Spotlights in the Darkness
By Lori D'Augostine
-- Imagine walking down the street when a gunman fires a barrage of bullets your way. Do you run for cover? Do you camouflage yourself behind the elderly woman in front of you? Or, do you try to stop the gunman? You have a split second to make a decision and often no time for contingecy planning.
There are no movie cameras or packed out audiences around. This is real life, and you are staring death in the face. One wrong move, and you can say goodbye to all you take for granted. What do you do?
Well, I think it depends on who you are.
We've all heard of several stories in the news of brave men and women making superhuman feats in the midst of national crisis. They are often ordinary people, not seeking stardom or a reality show jump-start into the limelight. They are sometimes the youngest among us, but we may never have been challeged by their lives, unless they were given a backdrop of excruciatingly dark circumstances.
It is as if God Almighty scanned the earth to find those whose faithful lives might confound the wisest of us all. Then, He opened up the heavens to shine His spotlight of glory on each for all the world to see.
They belong in the Hall of Faith along with the other heroes of Hebrews 11 (Noah, Abraham, Moses). There is a mantle over their lives that reads:
"All these people died still believing what God had promised them. They did not receive what was promised, but they saw it all from a distance and welcomed it. They agreed that they were foreigners and nomads here on earth. Obviously people who say such things are looking forward to a country they can call their own. If they had longed for the country they came from, they could have gone back. But they were looking for a better place, a heavenly homeland. That is why God is not ashamed to be called their God, for He has prepared a city for them." (Hebrews 11:13-16, NLT)
Introducing the life of Cassie Bernall -- former goth girl turned God-chaser. A modern day example of a Pauline conversion, she went from threatening suicide and dabbling in the occult to reading her Bible and witnessing to her friends at school. According to her mother, her coming to Christ was so simple.
Cassie's conversion was a very real thing for her. She wasn't at all emotional. She was very down to earth, very matter of fact: 'Mom, I've changed' was her reaction after a weekend youth group trip.
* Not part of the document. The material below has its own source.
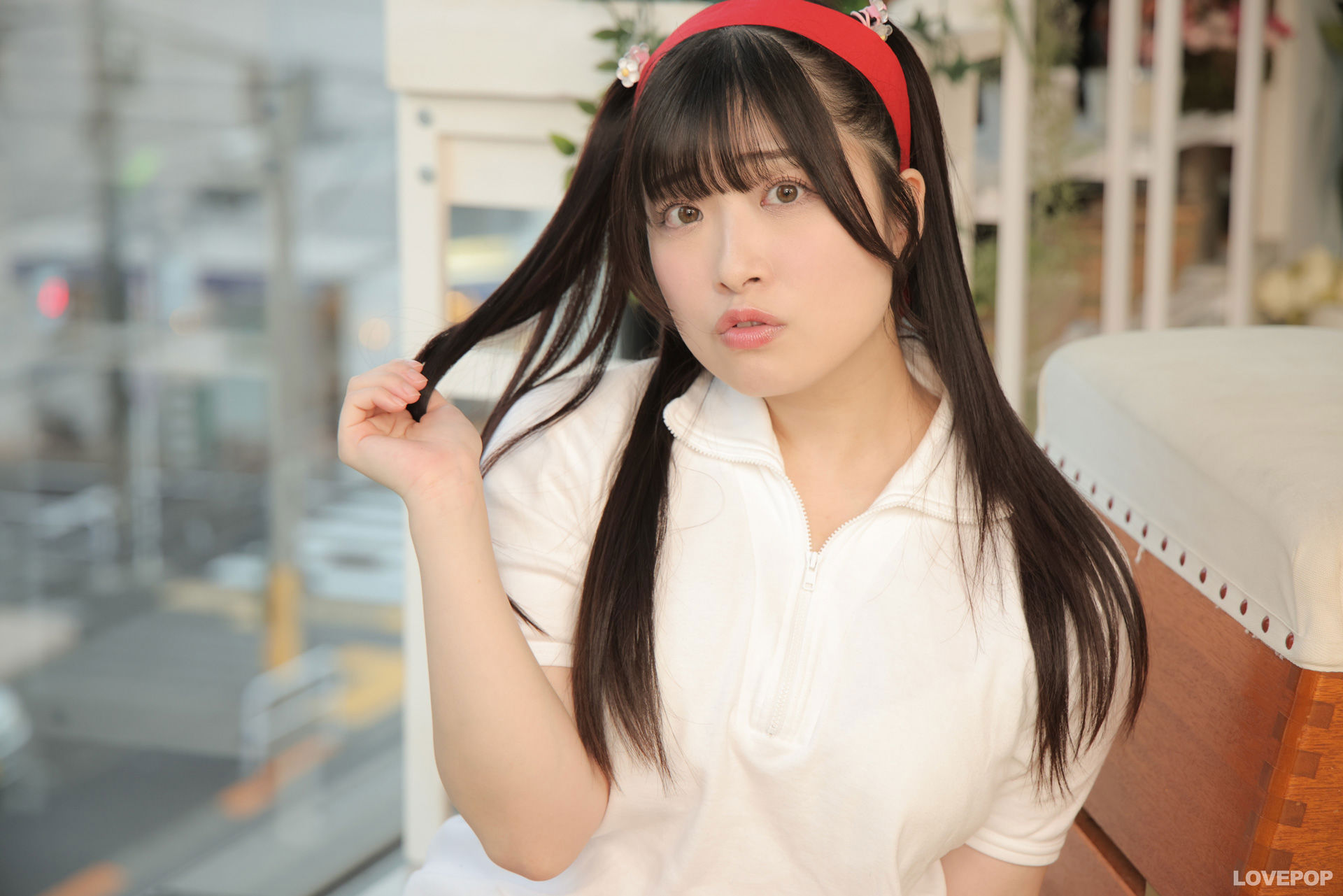 [LOVEPOP] Sumire Niibo 新穂純麗 Photoset 05/(93P)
Then two years later, in her small town of Littleton, Colorado, young Cassie's life drew the attention of the entire world. She was in her Columbine High School library when suddenly confronted by a gunman who posed a simple, yet profound question:
"Do you believe in God?"
She knew the answer. She lived it every day. Now, her answer has challenged an entire generation of young people. Since Cassie's death, thousands have gotten saved at youth rallies put on by her close friends and family across the nation.
Nearly eight years later to the day, a spotlight shone down on the small town of Blacksburg, Va. This time freshman Lauren McCain was in German class when she and 32 others were murdered by a fellow students gunman. Her MySpace page still receives hundreds of hits each day. When you browse what has become her cyber tombstone, her faith speaks loud and clear.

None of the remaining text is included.